Location: Atlanta, GA (Dunwoody)
2,047 posts, read 4,620,283 times
Reputation: 981
Quote:
Originally Posted by anothertntony View Post
I can commiserate. I am having a difficult time winning the Powerball lottery. And before you assume I'm being facetious, I should note that I bought one ticket several years ago. Yet, here I sit, sans lottery winnings.

More seriously: Good luck in your search, but that is quite a list.
Really, that list is too much to consider? Let's examine it, just to be sure.

Non-attached: Okay, that seems like a reasonable request. Most folk don't want to be with someone who is with someone else.

Heterosexual: Again, quite reasonable.
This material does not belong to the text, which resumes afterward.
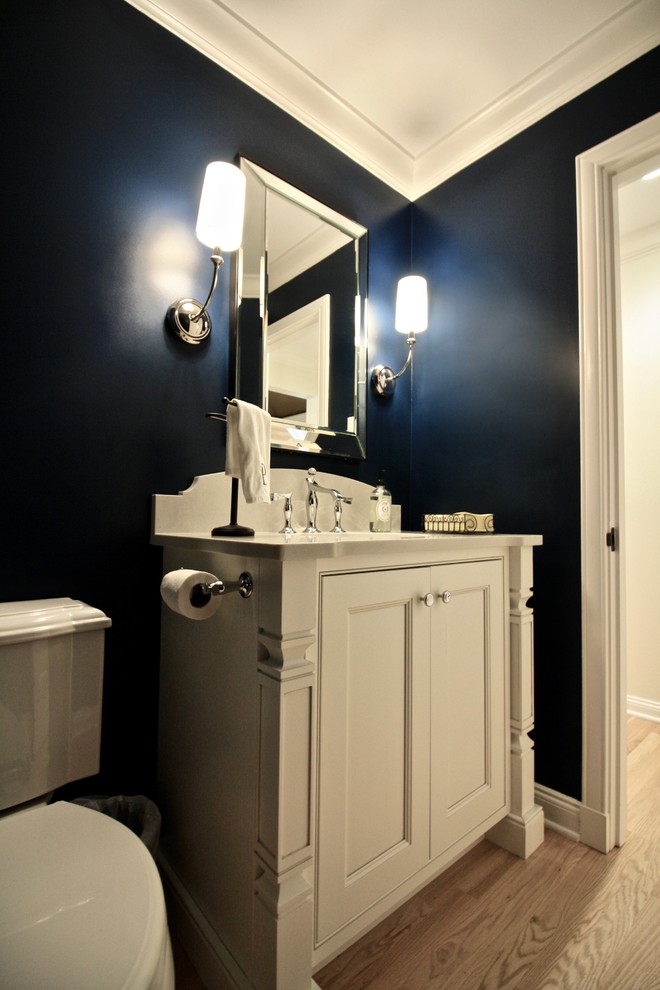 Inspiration for a mid-sized transitional powder room in St Louis with recessed-panel cabinets, white cabinets, a two-piece toilet, blue walls, light hardwood floors, an undermount sink and engineered quartz benchtops.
I think it's beyond the pale to expect a woman to want a man who is into other men.

Tall, physically fit: Can't fault her this one. To my mind a woman wanting a man who is tall and physically fit is the equivalent to a man wanting a physically attractive woman. This is especially true if she herself is tall and physically fit.
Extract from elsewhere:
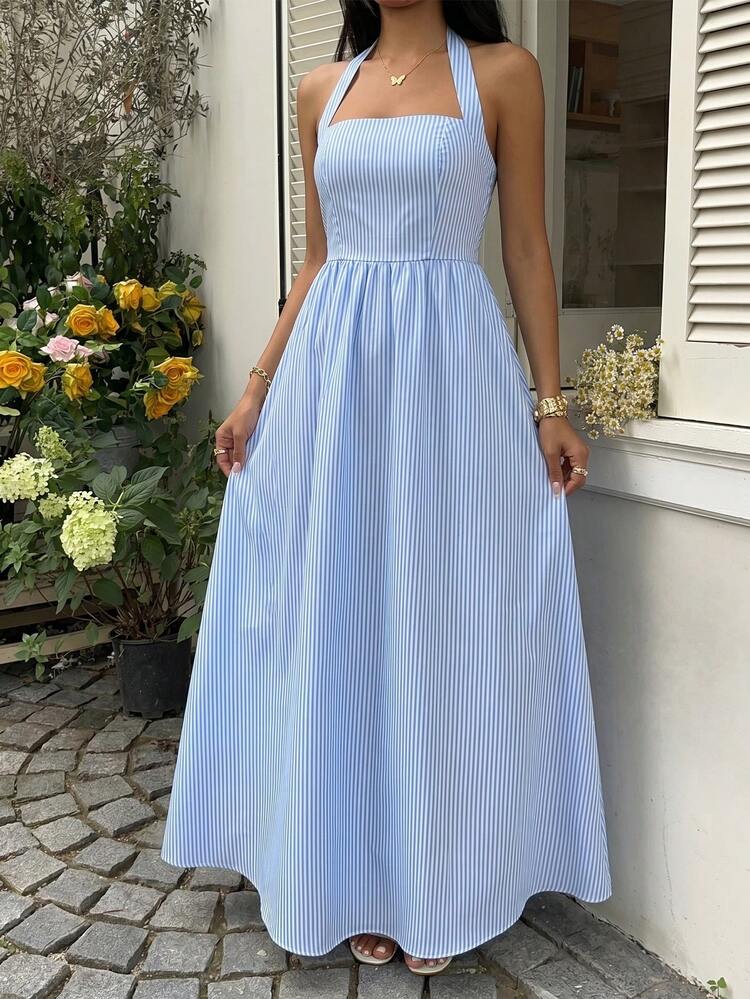 Mujer con vestido midi de rayas azules y blancas con escote halter sentada en un bote.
Kind: I'm actually surprised this one made the list. Surely it's a given. Who wants a jerk?

Witty: A good sense of humor is crucial to me as well.

Educated: Assuming that she too is educated I don't think this is too much to ask.

Age-appropriate: I gather that she wants a man within a reasonable range of her own age. Nothing outrageous there. Personally I never wanted an old dude and had no interest in being a grown man's mama. I so totally get this.

Adventurous: If she's an adventurous woman it makes sense that she'd be looking for the same in a spouse. After all, I can't imagine anything more awful than being stuck at home with someone when I'd rather be out rock climbing.

So she had eight or nine things she was looking for, of which three (sexuality, unattached and kindness are givens). Of the remaining six, I don't see anything outrageous there. I also required that any guy I dated be non-racist/sexist/homophobic. I think anyone has the right to establish whatever criteria they like for someone that's going to be with them for life. I think it's crucial to examine yourself and potential mates very diligently. There are things that are on my list that wouldn't be on someone else's and vice-versa. But I certainly wouldn't slam anyone for what they have on their list. If someone says that a woman must have big breasts and be able to cook I think they should definitely go for what they like. Life's too short to be stuck with someone incompatible.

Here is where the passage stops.